EXERCISE REQUIREMENTS: Extract the first line through the line containing "Toyota camry base" from the listing below, exactly as written.

━━ RECORDS FOR PROCESSING

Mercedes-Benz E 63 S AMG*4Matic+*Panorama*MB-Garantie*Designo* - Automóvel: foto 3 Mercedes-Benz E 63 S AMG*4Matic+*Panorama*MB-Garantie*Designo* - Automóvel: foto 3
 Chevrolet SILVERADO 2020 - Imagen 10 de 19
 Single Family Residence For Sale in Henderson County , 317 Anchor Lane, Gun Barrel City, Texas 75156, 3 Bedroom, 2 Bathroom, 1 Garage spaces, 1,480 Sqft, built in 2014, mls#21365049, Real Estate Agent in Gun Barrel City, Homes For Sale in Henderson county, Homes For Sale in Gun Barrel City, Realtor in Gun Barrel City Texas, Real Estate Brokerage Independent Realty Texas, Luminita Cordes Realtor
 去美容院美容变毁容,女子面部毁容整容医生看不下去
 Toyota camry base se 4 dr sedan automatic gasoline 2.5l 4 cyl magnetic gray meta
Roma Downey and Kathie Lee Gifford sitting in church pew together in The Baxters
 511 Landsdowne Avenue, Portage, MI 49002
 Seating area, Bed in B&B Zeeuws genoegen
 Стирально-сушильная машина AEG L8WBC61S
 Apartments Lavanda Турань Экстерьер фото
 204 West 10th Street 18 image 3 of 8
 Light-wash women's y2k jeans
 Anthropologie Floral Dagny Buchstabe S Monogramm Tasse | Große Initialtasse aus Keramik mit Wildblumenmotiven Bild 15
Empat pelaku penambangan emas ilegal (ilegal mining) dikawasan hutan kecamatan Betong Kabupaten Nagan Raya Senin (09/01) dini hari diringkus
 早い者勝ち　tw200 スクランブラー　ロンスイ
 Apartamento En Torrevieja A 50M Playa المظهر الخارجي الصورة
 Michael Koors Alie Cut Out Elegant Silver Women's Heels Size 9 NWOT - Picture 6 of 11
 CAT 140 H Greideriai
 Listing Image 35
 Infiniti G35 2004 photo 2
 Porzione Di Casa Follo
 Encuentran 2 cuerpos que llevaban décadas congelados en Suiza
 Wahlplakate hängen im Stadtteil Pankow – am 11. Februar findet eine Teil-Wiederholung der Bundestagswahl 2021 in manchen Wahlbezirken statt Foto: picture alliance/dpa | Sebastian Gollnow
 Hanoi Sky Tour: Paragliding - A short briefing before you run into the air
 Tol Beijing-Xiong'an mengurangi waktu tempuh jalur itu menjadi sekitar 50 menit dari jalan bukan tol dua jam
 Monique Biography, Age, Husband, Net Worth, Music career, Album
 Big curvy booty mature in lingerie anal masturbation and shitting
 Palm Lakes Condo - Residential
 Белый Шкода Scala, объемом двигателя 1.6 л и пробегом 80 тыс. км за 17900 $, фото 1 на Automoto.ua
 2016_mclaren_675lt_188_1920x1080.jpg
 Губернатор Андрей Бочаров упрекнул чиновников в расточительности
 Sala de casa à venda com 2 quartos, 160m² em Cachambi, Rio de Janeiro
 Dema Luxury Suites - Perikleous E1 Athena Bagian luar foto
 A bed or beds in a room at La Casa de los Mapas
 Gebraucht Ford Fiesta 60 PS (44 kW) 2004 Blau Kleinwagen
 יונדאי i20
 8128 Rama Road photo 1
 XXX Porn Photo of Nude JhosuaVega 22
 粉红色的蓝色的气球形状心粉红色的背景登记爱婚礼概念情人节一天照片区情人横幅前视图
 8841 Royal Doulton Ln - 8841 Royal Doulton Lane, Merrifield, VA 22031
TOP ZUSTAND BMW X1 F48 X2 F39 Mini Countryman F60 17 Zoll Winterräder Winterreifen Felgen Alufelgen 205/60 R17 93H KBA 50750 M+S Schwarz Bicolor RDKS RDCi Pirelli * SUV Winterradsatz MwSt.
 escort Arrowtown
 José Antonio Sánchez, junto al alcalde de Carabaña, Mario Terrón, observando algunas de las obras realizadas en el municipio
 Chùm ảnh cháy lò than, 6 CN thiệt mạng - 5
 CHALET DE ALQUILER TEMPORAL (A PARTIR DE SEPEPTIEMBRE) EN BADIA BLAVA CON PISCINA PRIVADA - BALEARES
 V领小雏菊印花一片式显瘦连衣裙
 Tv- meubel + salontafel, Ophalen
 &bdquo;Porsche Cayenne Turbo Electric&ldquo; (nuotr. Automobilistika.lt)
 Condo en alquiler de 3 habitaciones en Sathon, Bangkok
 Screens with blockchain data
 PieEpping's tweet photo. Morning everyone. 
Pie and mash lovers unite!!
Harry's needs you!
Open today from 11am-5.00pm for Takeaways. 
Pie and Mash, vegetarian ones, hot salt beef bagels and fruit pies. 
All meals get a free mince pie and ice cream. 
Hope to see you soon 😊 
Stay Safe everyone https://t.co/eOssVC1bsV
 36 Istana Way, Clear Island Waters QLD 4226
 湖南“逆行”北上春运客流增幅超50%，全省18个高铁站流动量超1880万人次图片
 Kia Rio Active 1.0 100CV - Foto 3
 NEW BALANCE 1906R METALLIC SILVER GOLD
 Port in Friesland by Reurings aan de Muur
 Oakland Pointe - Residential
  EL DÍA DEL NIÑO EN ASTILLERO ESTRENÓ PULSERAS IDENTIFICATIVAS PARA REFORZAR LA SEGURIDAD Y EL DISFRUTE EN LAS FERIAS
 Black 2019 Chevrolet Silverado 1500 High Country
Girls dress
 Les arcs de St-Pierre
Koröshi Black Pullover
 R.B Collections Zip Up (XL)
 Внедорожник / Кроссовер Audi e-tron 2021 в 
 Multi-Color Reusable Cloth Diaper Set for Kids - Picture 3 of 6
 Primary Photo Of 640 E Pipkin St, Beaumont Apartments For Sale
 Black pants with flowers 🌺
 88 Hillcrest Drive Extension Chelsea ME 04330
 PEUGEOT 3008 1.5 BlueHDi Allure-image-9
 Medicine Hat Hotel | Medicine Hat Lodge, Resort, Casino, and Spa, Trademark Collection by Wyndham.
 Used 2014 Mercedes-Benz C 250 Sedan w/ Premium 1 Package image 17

━━━━

RESPONSE BOX:
Mercedes-Benz E 63 S AMG*4Matic+*Panorama*MB-Garantie*Designo* - Automóvel: foto 3 Mercedes-Benz E 63 S AMG*4Matic+*Panorama*MB-Garantie*Designo* - Automóvel: foto 3
 Chevrolet SILVERADO 2020 - Imagen 10 de 19
 Single Family Residence For Sale in Henderson County , 317 Anchor Lane, Gun Barrel City, Texas 75156, 3 Bedroom, 2 Bathroom, 1 Garage spaces, 1,480 Sqft, built in 2014, mls#21365049, Real Estate Agent in Gun Barrel City, Homes For Sale in Henderson county, Homes For Sale in Gun Barrel City, Realtor in Gun Barrel City Texas, Real Estate Brokerage Independent Realty Texas, Luminita Cordes Realtor
 去美容院美容变毁容,女子面部毁容整容医生看不下去
 Toyota camry base se 4 dr sedan automatic gasoline 2.5l 4 cyl magnetic gray meta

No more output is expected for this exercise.